The Aparicios’ son died young, and eventually the house was taken by the government. However, while these two were growing up, the illegitimate son of the housekeeper and a high-ranking church official was growing up there as well. Despite his humble origins and the mistreatment he suffered in his childhood, Manuel Estrada Cabrera became a very successful lawyer and a president of Guatemala. With the investment of the Aparicios, he founded the first bank of Guatemala. His mother founded many homes for girls in difficult circumstances. He is buried in the cemetery we visited.
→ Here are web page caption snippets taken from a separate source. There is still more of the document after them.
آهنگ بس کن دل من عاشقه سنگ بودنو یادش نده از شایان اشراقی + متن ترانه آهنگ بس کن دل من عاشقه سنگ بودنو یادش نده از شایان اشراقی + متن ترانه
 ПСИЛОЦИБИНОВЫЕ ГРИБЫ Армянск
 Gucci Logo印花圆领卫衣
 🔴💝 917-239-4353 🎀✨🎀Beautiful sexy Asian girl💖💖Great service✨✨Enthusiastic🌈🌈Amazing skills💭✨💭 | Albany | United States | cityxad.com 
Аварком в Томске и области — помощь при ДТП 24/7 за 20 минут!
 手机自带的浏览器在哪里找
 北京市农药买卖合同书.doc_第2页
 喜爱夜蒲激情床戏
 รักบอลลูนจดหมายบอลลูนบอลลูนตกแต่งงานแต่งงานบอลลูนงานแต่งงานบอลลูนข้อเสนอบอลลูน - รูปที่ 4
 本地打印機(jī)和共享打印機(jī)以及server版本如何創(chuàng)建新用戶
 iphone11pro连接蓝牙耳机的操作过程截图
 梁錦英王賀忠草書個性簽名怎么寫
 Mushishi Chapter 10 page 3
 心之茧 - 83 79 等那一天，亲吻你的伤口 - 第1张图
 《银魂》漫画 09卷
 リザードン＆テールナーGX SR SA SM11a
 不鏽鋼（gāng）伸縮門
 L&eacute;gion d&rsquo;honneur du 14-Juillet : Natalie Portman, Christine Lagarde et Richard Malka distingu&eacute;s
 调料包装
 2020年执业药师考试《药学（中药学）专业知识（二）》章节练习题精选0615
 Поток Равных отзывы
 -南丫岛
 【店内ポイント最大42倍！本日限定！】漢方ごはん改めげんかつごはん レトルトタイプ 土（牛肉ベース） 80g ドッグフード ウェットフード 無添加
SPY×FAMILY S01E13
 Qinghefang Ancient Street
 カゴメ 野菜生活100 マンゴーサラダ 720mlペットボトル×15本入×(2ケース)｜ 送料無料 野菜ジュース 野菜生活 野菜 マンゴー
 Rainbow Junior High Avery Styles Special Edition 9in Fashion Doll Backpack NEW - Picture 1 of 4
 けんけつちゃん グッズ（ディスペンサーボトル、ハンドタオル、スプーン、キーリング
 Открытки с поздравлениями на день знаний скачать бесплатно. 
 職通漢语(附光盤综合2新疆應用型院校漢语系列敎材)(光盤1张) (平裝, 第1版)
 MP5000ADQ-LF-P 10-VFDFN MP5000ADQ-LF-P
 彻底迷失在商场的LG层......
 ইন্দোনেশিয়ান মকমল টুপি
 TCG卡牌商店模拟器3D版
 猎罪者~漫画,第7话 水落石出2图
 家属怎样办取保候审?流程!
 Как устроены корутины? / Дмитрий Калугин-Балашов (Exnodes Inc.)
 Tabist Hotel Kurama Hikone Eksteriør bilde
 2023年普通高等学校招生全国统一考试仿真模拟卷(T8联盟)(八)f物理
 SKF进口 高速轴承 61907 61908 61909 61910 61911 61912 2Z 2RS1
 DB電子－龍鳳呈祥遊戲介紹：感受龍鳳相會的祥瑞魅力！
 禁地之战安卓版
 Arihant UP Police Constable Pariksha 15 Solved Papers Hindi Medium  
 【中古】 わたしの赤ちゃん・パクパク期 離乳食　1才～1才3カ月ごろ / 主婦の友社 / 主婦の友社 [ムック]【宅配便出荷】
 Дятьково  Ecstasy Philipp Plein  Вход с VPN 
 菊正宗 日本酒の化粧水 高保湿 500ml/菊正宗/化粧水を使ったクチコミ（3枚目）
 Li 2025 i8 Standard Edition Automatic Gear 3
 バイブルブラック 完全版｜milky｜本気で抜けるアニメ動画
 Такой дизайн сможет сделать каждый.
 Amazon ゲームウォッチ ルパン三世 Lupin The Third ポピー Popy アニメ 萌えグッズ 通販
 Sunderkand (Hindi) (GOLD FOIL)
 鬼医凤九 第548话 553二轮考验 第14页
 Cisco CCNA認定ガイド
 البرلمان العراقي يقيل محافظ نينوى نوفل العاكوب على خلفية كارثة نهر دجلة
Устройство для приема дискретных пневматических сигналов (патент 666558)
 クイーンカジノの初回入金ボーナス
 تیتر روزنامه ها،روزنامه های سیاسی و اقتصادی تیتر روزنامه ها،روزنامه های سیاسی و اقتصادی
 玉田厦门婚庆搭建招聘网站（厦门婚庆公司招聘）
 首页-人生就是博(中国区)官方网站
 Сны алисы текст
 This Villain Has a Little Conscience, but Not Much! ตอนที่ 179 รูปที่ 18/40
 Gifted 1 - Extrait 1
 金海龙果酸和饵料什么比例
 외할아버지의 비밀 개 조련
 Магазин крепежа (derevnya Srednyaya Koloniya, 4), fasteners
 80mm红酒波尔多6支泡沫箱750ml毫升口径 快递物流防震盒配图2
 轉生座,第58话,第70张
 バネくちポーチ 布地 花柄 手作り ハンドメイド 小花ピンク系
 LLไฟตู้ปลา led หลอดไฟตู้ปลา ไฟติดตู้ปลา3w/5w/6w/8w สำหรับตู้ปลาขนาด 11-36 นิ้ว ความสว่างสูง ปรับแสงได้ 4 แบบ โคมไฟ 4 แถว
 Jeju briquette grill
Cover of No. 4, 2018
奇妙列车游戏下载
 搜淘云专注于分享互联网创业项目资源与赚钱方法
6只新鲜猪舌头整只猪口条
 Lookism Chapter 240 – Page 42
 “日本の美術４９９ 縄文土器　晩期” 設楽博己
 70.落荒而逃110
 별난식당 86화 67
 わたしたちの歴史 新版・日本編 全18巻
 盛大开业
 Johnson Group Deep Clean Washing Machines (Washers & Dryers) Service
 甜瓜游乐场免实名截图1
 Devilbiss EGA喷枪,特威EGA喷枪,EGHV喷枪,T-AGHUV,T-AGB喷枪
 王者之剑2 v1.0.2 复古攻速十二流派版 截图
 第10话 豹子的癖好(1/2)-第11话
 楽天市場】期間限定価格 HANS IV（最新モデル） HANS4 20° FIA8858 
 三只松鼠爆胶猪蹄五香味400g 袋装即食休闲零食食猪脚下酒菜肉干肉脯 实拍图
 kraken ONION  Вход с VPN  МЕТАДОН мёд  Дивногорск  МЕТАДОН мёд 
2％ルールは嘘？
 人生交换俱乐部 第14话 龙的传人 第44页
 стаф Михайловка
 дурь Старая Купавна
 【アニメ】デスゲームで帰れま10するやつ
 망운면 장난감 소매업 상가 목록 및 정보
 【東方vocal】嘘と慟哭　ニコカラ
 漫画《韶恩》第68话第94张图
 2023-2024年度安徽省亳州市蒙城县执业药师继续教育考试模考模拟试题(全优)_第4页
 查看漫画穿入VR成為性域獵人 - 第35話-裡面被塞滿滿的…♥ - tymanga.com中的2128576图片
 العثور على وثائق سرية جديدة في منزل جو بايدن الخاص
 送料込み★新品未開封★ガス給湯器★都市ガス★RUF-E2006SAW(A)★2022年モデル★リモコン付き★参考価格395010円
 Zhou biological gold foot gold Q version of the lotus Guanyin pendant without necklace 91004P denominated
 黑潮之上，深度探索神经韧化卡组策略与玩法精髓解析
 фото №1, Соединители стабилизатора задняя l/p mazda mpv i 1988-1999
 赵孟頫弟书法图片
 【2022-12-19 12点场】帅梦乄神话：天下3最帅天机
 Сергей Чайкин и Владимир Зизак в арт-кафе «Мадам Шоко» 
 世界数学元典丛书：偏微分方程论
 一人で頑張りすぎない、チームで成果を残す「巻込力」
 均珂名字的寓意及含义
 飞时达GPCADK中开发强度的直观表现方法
Quetzaltenango was home to many wealthy families, many of whom disliked the amount of money they were required to pay the central government. In fact, there was a plan to break away from Guatemala and form an independent state out of Quetzaltenango and some of the surrounding area. However, the president at the time obviously did not like the idea, and ordered them to be shot. Most of the leaders were killed while they were walking in the street. Their bodies were dumped in a ditch in the cemetery. Today there is a monument to them. On the wall, as well as on another monument I’d seen earlier, is written: El odio a los tiranios les hizo martires; amor a la libertad les hizo heroes. In English, “Hate for tyrants made them martyrs; love for liberty made them heroes.” The symbolism of the broken column for unachieved goals was especially obvious here.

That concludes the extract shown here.